Convolutional codes are another type of forward error correcting coder (FECC) which are quite distinct from block codes. They are simpler to implement for longer codes than block coders and soft decision decoding can be employed easily at the decoder.

Convolutional codes are non-systematic (i.e. the transmitted data bits do not appear directly in the output encoded data stream) and are generated by passing a data sequence through a transversal or finite impulse response (FIR) filter. The coder output can be regarded as the convolution of the input sequence with the impulse response of the coder, hence their name: convolutional codes.

## Convolutional encoder

A simple example is shown in [link] . Here the encoder shift register starts with zeros at all three stored locations (i.e. 0, 0, 0). The input data sequence to be encoded is 1, 1, 0, 1 in this example. The shift register contents thus become, after each data bit arrives and propagates into the shift register: 100, 110, 011, 101. As there are two outputs for overy input bit the above encoder is rate ½.

The first output is obtained after arrival of a new data bit into the shift register when the switch is in the upper position, the second with the switch in the lower position. Thus, in this example, the switch will generate, through the exclusive OR gates, from the four input data bits: 1, 1, 0, 1, the corresponding four output digit pairs: 11, 10, 11, 01

This particular encoder has 3 stages in “the filter” and therefore we say that the constraint length n = 3. The very latest encoders available commercially typically have constraint lengths up to n = 9.

We can consider the coder outputs from the exclusive OR gates as being generated by two polynomials:

${P}_{1}\mathrm{\left(x\right)}=1+{x}^{2}$
${P}_{2}\mathrm{\left(x\right)}=1+x$

These are often expressed in octal notation, in our example:

${P}_{1}()={5}_{o}\times \left(101\right)$
${P}_{2}()={6}_{o}\times \left(110\right)$

This encoder may also be regarded as a state machine. The next state is determined by the next input bit or value combined with the previous two input bits or values which were stored in the shift register, (i.e. the previous state).

## Tree state diagram

We can regard this as a Mealy state machine with four states corresponding to all the possible combinations of the first two stages in the shift register.

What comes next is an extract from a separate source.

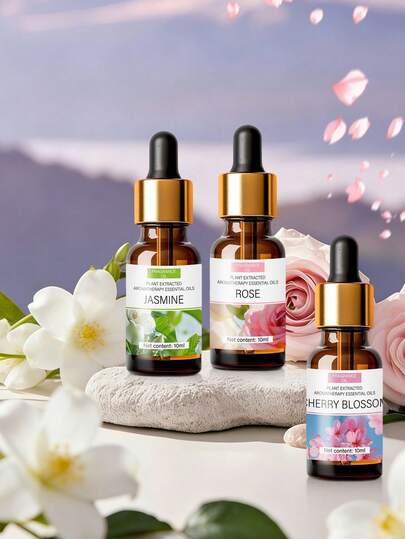 1瓶/12瓶 10毫升薰衣草/玫瑰/洋甘菊香氛精油，适用于香薰机、家居护理、蜡烛制作、香薰、加湿器，可作为礼物，也适用于卧室、浴室、客厅、汽车空气清新剂、衣柜，去除异味，净化空气，适合作为婚礼/情人节礼物，另有樱花/茉莉/玫瑰香味可选。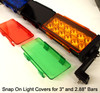 Snap On Light Cover 6" wide fits 3" tall and smaller light bars AMBER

The tree diagram for this state machine is now shown in [link] , again starting from the all zeros state or condition. The encoder starts in state A holding two zeros (00) within the first two stages of the shift register. (We ignore the final stored digit as it is lost when a new data bit propagates into the shift register.) If the next input bit is a zero (0) we follow the upper path to state B where the stored data is updated to 00. If the next input bit is a one (1) we follow the lower path to progress to the corresponding state C where the stored data is now 10.

The convention is to enter the updated new stored state values below the state letter (B/C). Now returning to [link] and the exclusive OR gate connections one can derive the output data bits generated within the encoder. For state B these are 00 and for state C these are 11. These outputs are entered alongside the state in [link] . States B/C correspond to the arrival of the first new data bit to be encoded, while D/E/F/G correspond to the second data bit and H/I/J/K/h/i/j/k the third data bit.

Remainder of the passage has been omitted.